PIRC is a new implementation of the PIR language, and currently under heavy construction. While the code is documented, it does not provide an easy overview of implementation issues and design decisions. In order to solve this documentation gap, I'm writing these design decisions in a series of parrotblog.org articles. This very short article discusses the memory management of PIRC.
The current PIR compiler, IMCC, has had a lot of memory leaks, most of which have been solved by now. Although conceptually manual memory management through malloc() and free() is very simple and straightforward, things become ugly once you loose overview of when datastructures go out of scope, and as a result you forget to free the memory. In PIRC a different approach is taken.
Note that instead of using malloc() and free() directly, you should use mem_sys_allocate() and mem_sys_free(), respectively, which are provided by Parrot.
PIRC parses the PASM or PIR input, builds a data structure, and generates a Parrot Byte Code file (a so-called Packfile). (at the moment of writing, the PBC is not generated yet, but work is underway to fix this; might take a while, though). The data structures that are created represent the PASM or PIR program being parsed, and as such can be considered an Abstract Syntax Tree.
As these data structures are used throughout the compilation phase, PIRC can cheat with memory management. Instead of freeing the memory of the data structures by manually calling mem_sys_free(), PIRC keeps track of all allocated memory blocks. Only when PIRC is done with the bytecode generation will it release all resources. This is fine, because the data structures are needed up to the end anyway, so memory is not occupied longer than necessary.
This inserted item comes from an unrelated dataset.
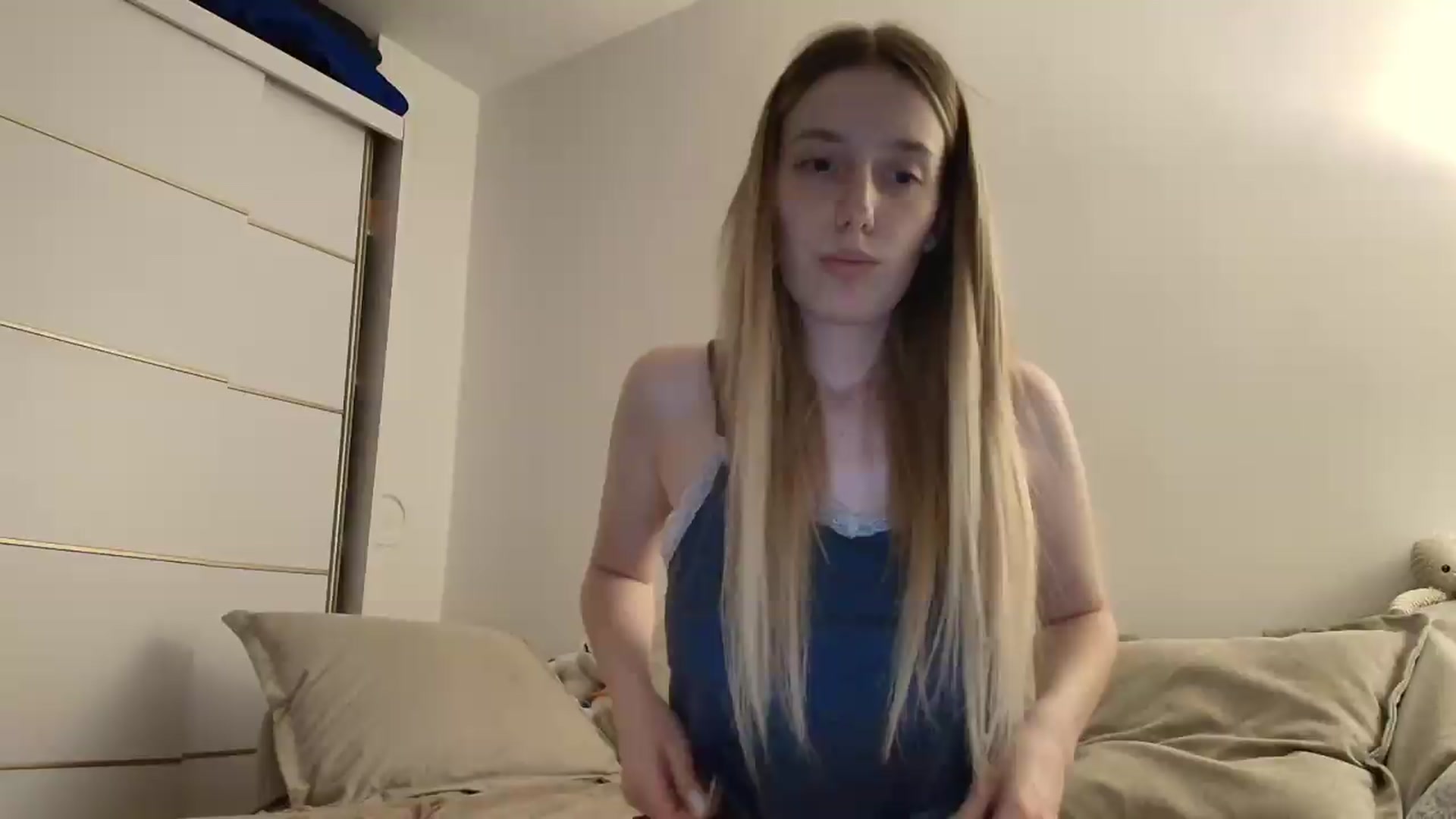 Gallery image thumbnail from Elenaxkiss's myfreecams stream on, 07/09/2026, 20:25 image 1 of 20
Poor Man's Garbage Collector
Whenever PIRC needs memory, a block of memory is allocated through Parrot's memory allocation function, mem_sys_allocate() (or a variant, which zeroes out all bytes). Before returning a pointer to the allocated block of memory, however, PIRC stores a pointer to the block of memory as well (in a list), and only then is the pointer to the block returned.
When PIRC is done with compiling, it will go through the list of memory pointers, and release the memory pointed to by each of the pointers. In a sense, you could consider this a garbage collector, except that there's no reuse of memory (but there's no need to anyway).
"Wait a minute," you might say, where are these pointers stored then? Well, of course, these pointers are stored in an extensible list, as we don't know the number of pointers to store beforehand. Surely the list cannot be allocated and store a pointer to itself. This is fine, because the problem of keeping track of memory is now isolated to a single point in the program. The nodes in the list of allocated memory pointers are allocated directly through Parrot's memory functions. When all stored pointers are mem_sys_free()d, we only have to remember to mem_sys_free() these nodes.
In this way, there's no need to worry about when pointers should be freed: it's done automatically, as long as PIRC allocates its memory through its built-in memory management system.
List of Pointers
Obviously, we don't want to create a new node for each pointer to store. Instead, a node can store a number of pointers, currently set to 512. So, after allocating memory for 512 times, a new node is created. This number of 512 was decided upon after some experimentation, but might prove too low for real world PIR input. As it's #define'd, it's easy to change, though.
In this very short article, I described how PIRC does its memory management. PIRC cheats a bit, by storing each pointer to an allocated block of memory in a special list. Once PIRC is done with compiling, all these pointers are passed to mem_sys_free(), Parrot's free() function (one by one, obviously). This way, you don't have to worry about when to free the memory in PIRC.